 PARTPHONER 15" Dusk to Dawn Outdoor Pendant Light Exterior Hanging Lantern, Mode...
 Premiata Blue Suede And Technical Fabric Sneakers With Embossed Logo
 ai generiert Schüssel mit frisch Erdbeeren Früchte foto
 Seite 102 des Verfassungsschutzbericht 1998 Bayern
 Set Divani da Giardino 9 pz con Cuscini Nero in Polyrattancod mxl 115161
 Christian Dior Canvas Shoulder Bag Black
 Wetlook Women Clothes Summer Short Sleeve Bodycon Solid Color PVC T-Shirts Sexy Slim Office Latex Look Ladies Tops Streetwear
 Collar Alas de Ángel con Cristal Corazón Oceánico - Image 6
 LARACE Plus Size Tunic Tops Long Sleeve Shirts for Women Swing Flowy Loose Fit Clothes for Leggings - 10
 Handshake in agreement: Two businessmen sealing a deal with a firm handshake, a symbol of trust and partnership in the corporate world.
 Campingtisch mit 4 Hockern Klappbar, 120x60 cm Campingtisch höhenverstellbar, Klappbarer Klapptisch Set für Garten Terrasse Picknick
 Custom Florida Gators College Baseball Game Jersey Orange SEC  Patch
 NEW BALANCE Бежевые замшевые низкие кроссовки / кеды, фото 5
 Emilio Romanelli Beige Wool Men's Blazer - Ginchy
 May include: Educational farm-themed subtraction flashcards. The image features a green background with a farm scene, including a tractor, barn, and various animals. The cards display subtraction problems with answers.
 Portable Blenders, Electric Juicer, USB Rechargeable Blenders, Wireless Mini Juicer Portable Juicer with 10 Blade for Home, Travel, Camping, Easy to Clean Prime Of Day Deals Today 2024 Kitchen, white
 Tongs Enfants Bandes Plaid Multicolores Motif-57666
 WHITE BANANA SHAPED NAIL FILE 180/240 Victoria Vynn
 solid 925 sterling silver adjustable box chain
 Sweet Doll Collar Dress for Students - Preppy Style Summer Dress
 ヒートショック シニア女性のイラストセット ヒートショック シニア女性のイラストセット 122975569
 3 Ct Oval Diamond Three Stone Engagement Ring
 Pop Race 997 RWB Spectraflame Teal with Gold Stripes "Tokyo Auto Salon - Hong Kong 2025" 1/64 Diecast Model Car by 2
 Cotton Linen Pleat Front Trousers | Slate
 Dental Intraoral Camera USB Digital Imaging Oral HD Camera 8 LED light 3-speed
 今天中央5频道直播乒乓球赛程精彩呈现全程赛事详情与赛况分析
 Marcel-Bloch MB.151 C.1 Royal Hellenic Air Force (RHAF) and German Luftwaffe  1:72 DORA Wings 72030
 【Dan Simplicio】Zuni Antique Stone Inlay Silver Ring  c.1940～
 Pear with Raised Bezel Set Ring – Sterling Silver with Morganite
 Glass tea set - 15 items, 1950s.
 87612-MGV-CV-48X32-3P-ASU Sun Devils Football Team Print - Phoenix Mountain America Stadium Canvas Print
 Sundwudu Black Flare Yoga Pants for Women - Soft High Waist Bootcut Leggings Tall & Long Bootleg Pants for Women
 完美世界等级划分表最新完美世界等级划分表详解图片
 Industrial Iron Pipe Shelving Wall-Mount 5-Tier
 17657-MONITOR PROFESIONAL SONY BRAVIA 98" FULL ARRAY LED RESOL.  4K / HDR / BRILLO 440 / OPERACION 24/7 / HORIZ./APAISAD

────────────────────────────────────────

**ACTIVITY:** Quote, without alteration, the final stretch of the entries: the line with "Sweet Doll Collar" onward to the last line.

**WORKED SOLUTION:**
 Sweet Doll Collar Dress for Students - Preppy Style Summer Dress
 ヒートショック シニア女性のイラストセット ヒートショック シニア女性のイラストセット 122975569
 3 Ct Oval Diamond Three Stone Engagement Ring
 Pop Race 997 RWB Spectraflame Teal with Gold Stripes "Tokyo Auto Salon - Hong Kong 2025" 1/64 Diecast Model Car by 2
 Cotton Linen Pleat Front Trousers | Slate
 Dental Intraoral Camera USB Digital Imaging Oral HD Camera 8 LED light 3-speed
 今天中央5频道直播乒乓球赛程精彩呈现全程赛事详情与赛况分析
 Marcel-Bloch MB.151 C.1 Royal Hellenic Air Force (RHAF) and German Luftwaffe  1:72 DORA Wings 72030
 【Dan Simplicio】Zuni Antique Stone Inlay Silver Ring  c.1940～
 Pear with Raised Bezel Set Ring – Sterling Silver with Morganite
 Glass tea set - 15 items, 1950s.
 87612-MGV-CV-48X32-3P-ASU Sun Devils Football Team Print - Phoenix Mountain America Stadium Canvas Print
 Sundwudu Black Flare Yoga Pants for Women - Soft High Waist Bootcut Leggings Tall & Long Bootleg Pants for Women
 完美世界等级划分表最新完美世界等级划分表详解图片
 Industrial Iron Pipe Shelving Wall-Mount 5-Tier
 17657-MONITOR PROFESIONAL SONY BRAVIA 98" FULL ARRAY LED RESOL.  4K / HDR / BRILLO 440 / OPERACION 24/7 / HORIZ./APAISAD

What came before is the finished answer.